Received: from ams-core-2.cisco.com ([144.254.72.75]) by ams-iport-1.cisco.com with ESMTP; 17 Feb 2012 19:10:13 +0000
Received: from cisco.com (mrwint.cisco.com [64.103.70.36]) by ams-core-2.cisco.com (8.14.3/8.14.3) with ESMTP id q1HJADYb010767; Fri, 17 Feb 2012 19:10:13 GMT
Received: from dhcp-bdlk10-data-vlan300-64-103-107-157.cisco.com (localhost [127.0.0.1]) by cisco.com (8.14.4+Sun/8.8.8) with ESMTP id q1HJABHj029961; Fri, 17 Feb 2012 19:10:12 GMT
Message-ID: <4F3EA613.5040202@cisco.com>
Date: Fri, 17 Feb 2012 19:10:11 +0000
From: Stewart Bryant <stbryant@cisco.com>
User-Agent: Mozilla/5.0 (Macintosh; Intel Mac OS X 10.6; rv:10.0.1) Gecko/20120208 Thunderbird/10.0.1
MIME-Version: 1.0
To: Thomas Narten <narten@us.ibm.com>
References: <201202171451.q1HEptR3027370@cichlid.raleigh.ibm.com>
In-Reply-To: <201202171451.q1HEptR3027370@cichlid.raleigh.ibm.com>
Content-Type: text/plain; charset="ISO-8859-1"; format="flowed"
Content-Transfer-Encoding: 7bit
Cc: nvo3@ietf.org
Subject: Re: [nvo3] Draft NVO3 WG Charter
X-BeenThere: nvo3@ietf.org
X-Mailman-Version: 2.1.12
Precedence: list
Reply-To: stbryant@cisco.com
List-Id: "L2 \"Network Virtualization Over l3\" overlay discussion list \(nvo3\)" <nvo3.ietf.org>
List-Unsubscribe: <https://www.ietf.org/mailman/options/nvo3>, <mailto:nvo3-request@ietf.org?subject=unsubscribe>
List-Archive: <http://www.ietf.org/mail-archive/web/nvo3>
List-Post: <mailto:nvo3@ietf.org>
List-Help: <mailto:nvo3-request@ietf.org?subject=help>
List-Subscribe: <https://www.ietf.org/mailman/listinfo/nvo3>, <mailto:nvo3-request@ietf.org?subject=subscribe>
X-List-Received-Date: Fri, 17 Feb 2012 19:10:48 -0000

On 17/02/2012 14:51, Thomas Narten wrote:
> Below is a draft charter for this effort.

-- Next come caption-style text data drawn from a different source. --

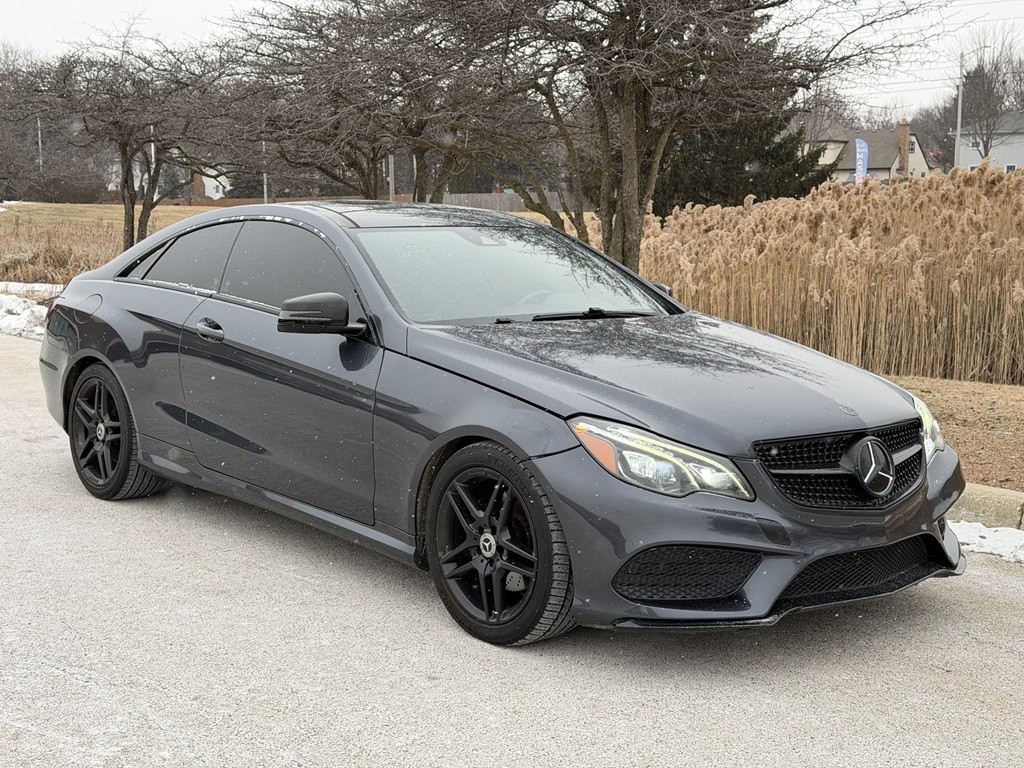 2016 Mercedes-Benz E-Class Image 3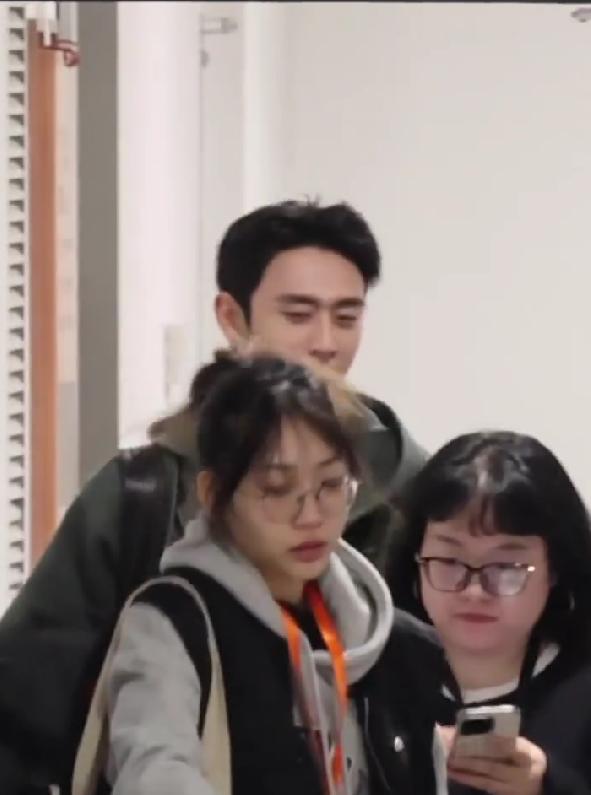 王天辰被叫姐夫后暗爽，表情管理彻底失效，憋笑藏都藏不住最近王天辰真的太火了，被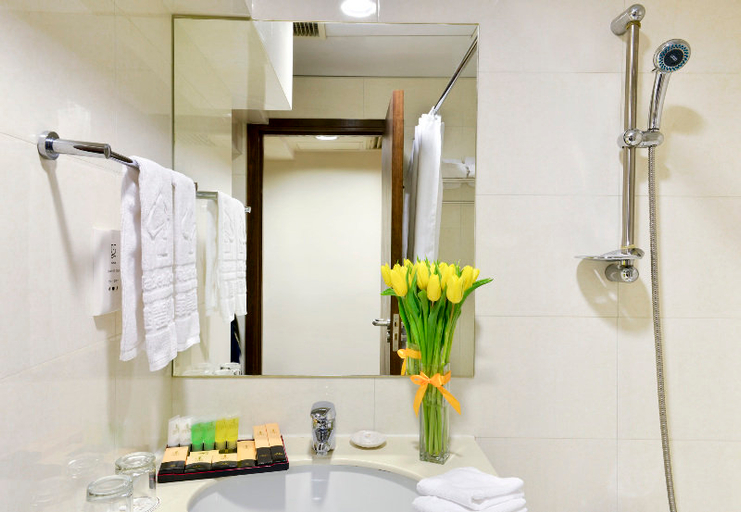Bathroom 5, Hennessy Hotel, Hong Kong Island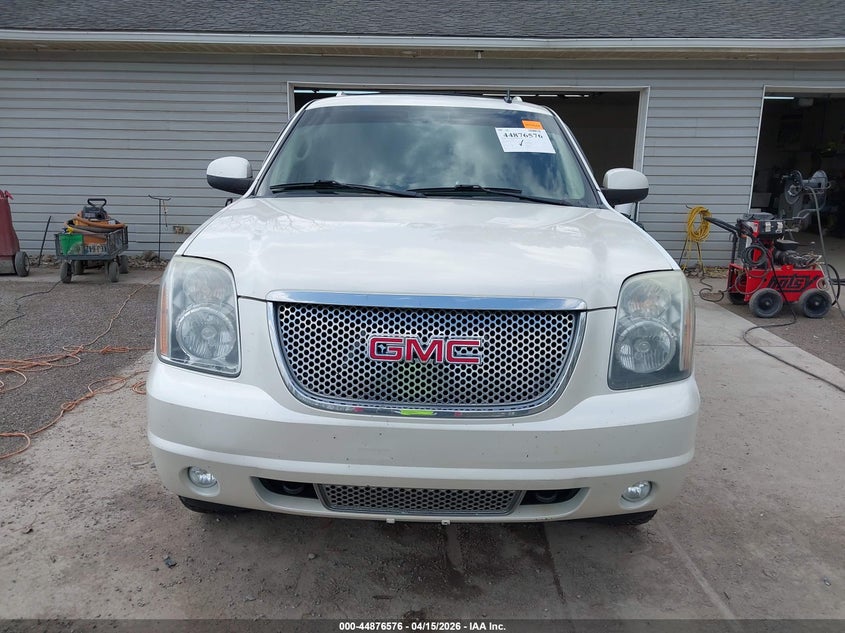 2011 GMC Yukon Denali VIN: 1GKS2EEF0BR124138 Lot: 44876576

One detail is that we
> started out calling this effort NVO3 (Network Virtualization Over L3),
> but have subsequently realized that we should not focus on just "over
> L3". One goal of this effort is to develop an overlay standard that
> works over L3, but we do not want to restrict ourselves only to "over
> L3". The framework and architecture that we are proposing to work on
> should be applicable to other overlays as well (e.g., L2 over
> L2). This is (hopefully) captured in the proposed charter.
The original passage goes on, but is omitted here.